Alexis Chase, Bexley and Crayford CLP delegate, describes her experiences of Manchester.
I always voted Labour, even when it was New Labour, but I joined the Party for the first time last year. I was complaining about the loss of Labour values and the Party’s lack of dynamism in challenging the Coalition. A Party member told me to stop criticising and join if I wanted to make a difference. I started to attend local CLP meetings.
Bexley and Crayford CLP is not well attended but there are people who have been party members for decades and remain loyal. I ended up as the conference delegate because no one else wanted to attend.
The first thing that struck me about the conference was that G4S was responsible for security. I thought this was in very bad taste, given the fiasco over security for London 2012 and the fact they are employers of cleaners and premises managers in schools, replacing what used to be council staff. Then there are the allegations made against them about the treatment of asylum seekers following the death of Jimmy Mubenga. G4S has a well deserved, appalling reputation.
The second thing was the awfulness of the conference venue – dark, uncomfortable and unwelcoming. The food was atrocious and overpriced. What surprised me most was how ‘corporate’ it felt, with people dressed in suits, some women striding about in skyscraper heels.

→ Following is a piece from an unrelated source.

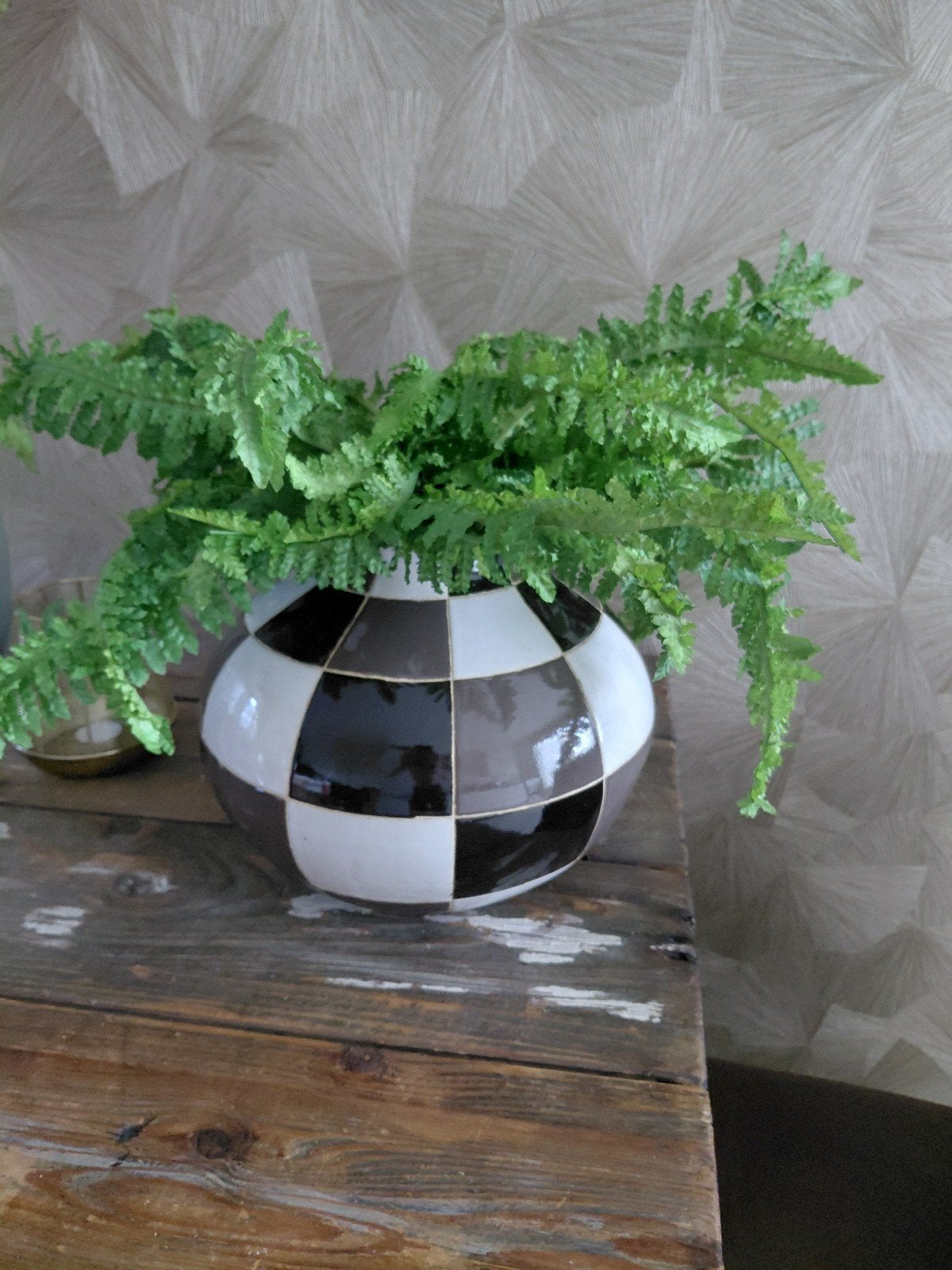 Stenen vaas met nep varen - 30 cm hoog, 35 cm diameter, Ophalen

Senior party members did not interact with ordinary members. I felt like I’d stumbled into a private school’s open day!
I received my delegate’s pack quite late and was overwhelmed by the amount I had to read before voting for the different sections of the National Policy Forum Report. I missed a couple of ballots because I was listening to what was going on – it would have been helpful to have reminders.

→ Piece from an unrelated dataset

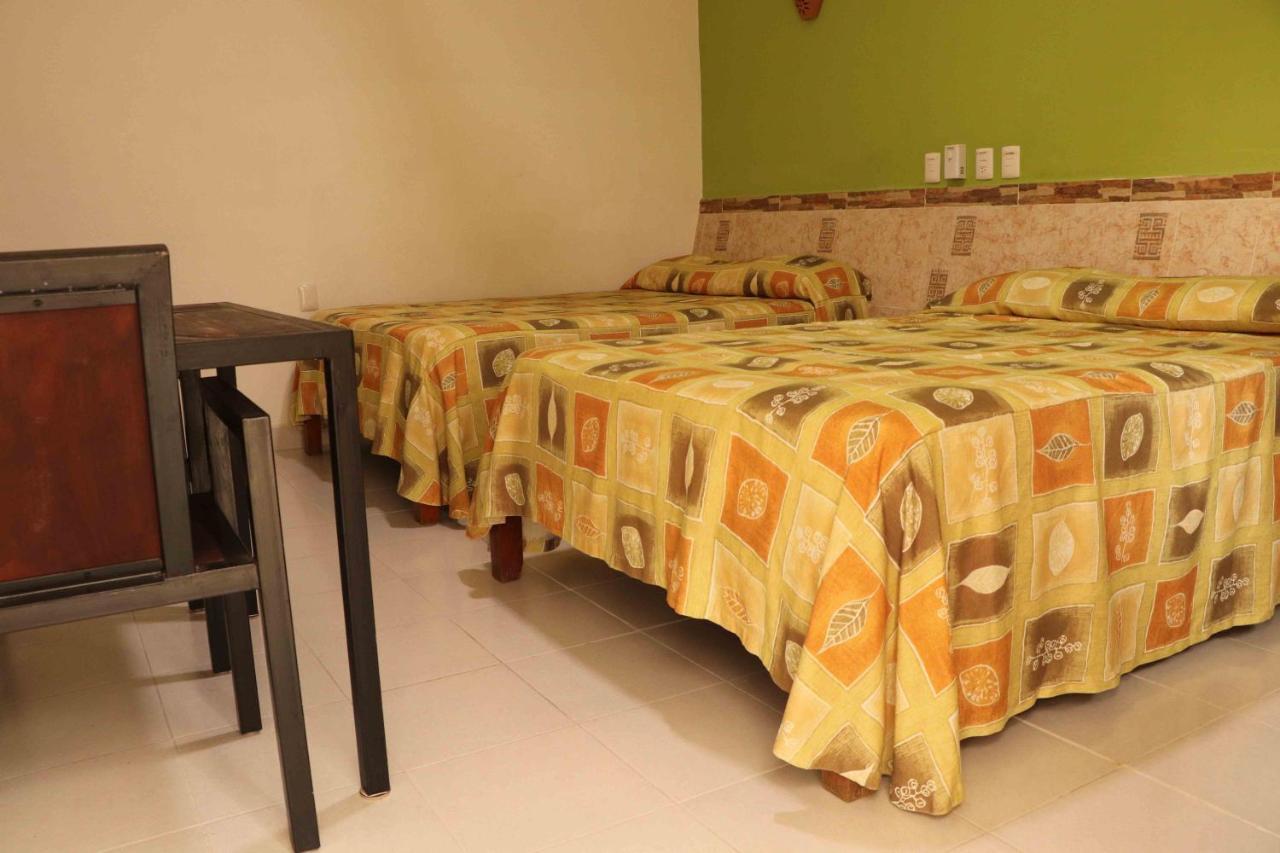 Hotel Quinta Santa Elena Palenque Extérieur photo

The thing I enjoyed most was the policy seminars. Delegates had opportunities to speak to senior members about issues of concern raised from constituencies. The best one I attended was on Health and Social Care. Andy Burnham and Diane Abbott really seemed to listen to what we had to say. For me that is what the annual conference should be about – delegates from constituencies genuinely debating what should be party policy. Without the policy seminars, it is hard to see how that would have happened in any form.